* **DATASET EXCERPT**:
[Start of Attachment]
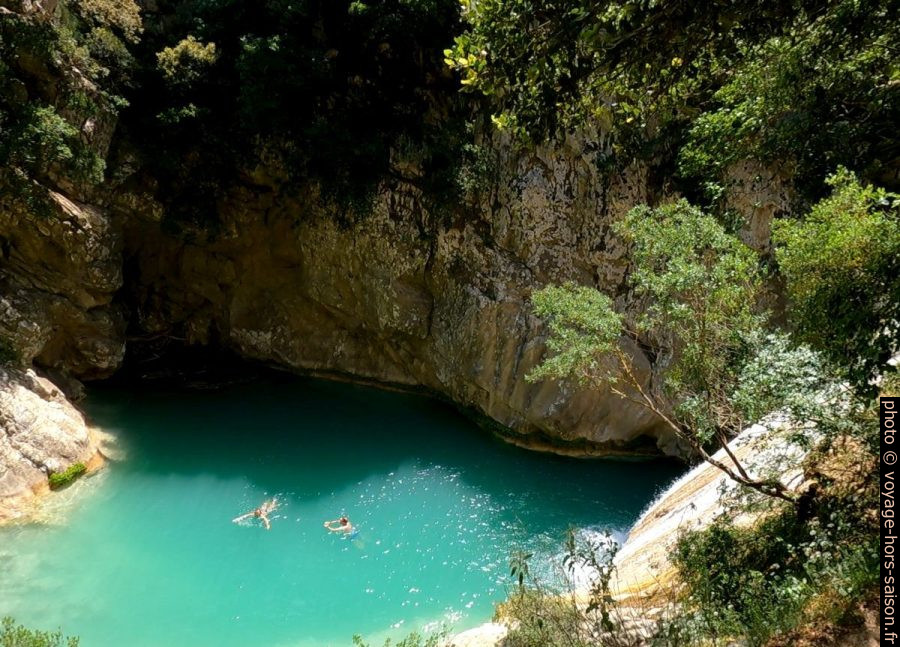 Vue plongeante sur des nageurs dans le lac sous la grande cascade de Polylimino. Photo © André M. Winter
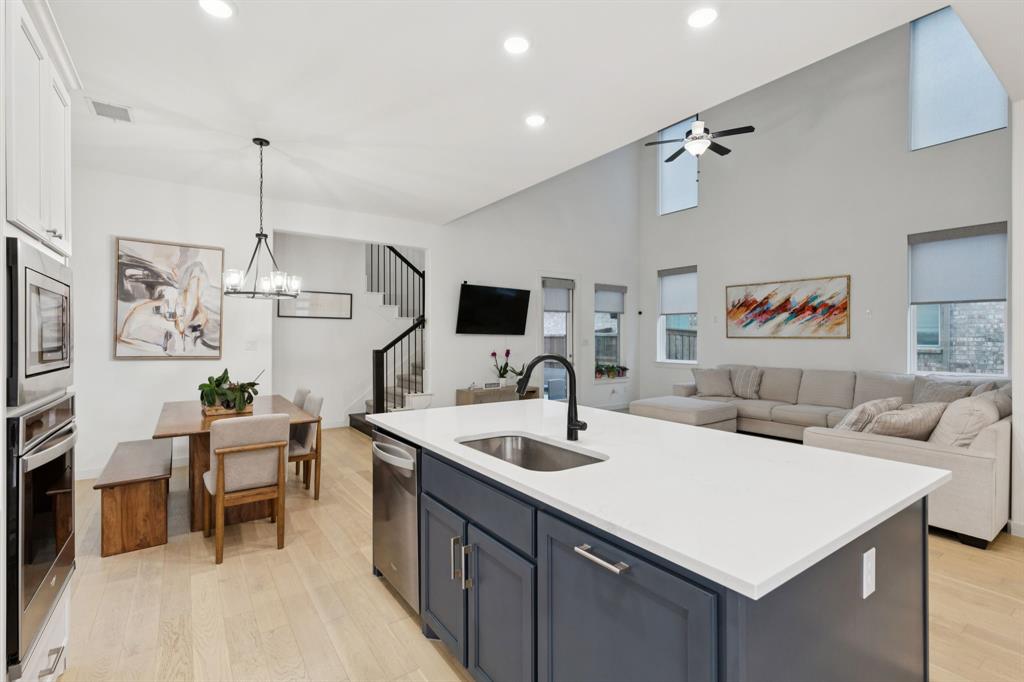 547 Embargo Drive Fate, TX 75189 - Photo 12 of 36 a kitchen with a sink and a refrigerator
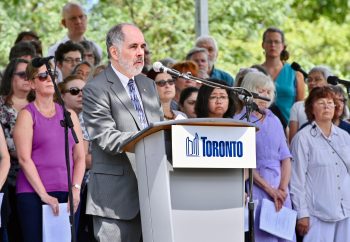 Toronto Poet Laureate Al Moritz speaks into microphone behind podium with crowd in background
[End of Attachment]
Go through the listing above and write it all out exactly, leaving out any picture.

* **REPLY TO THE EXERCISE**:
 Vue plongeante sur des nageurs dans le lac sous la grande cascade de Polylimino. Photo © André M. Winter
 547 Embargo Drive Fate, TX 75189 - Photo 12 of 36 a kitchen with a sink and a refrigerator
 Toronto Poet Laureate Al Moritz speaks into microphone behind podium with crowd in background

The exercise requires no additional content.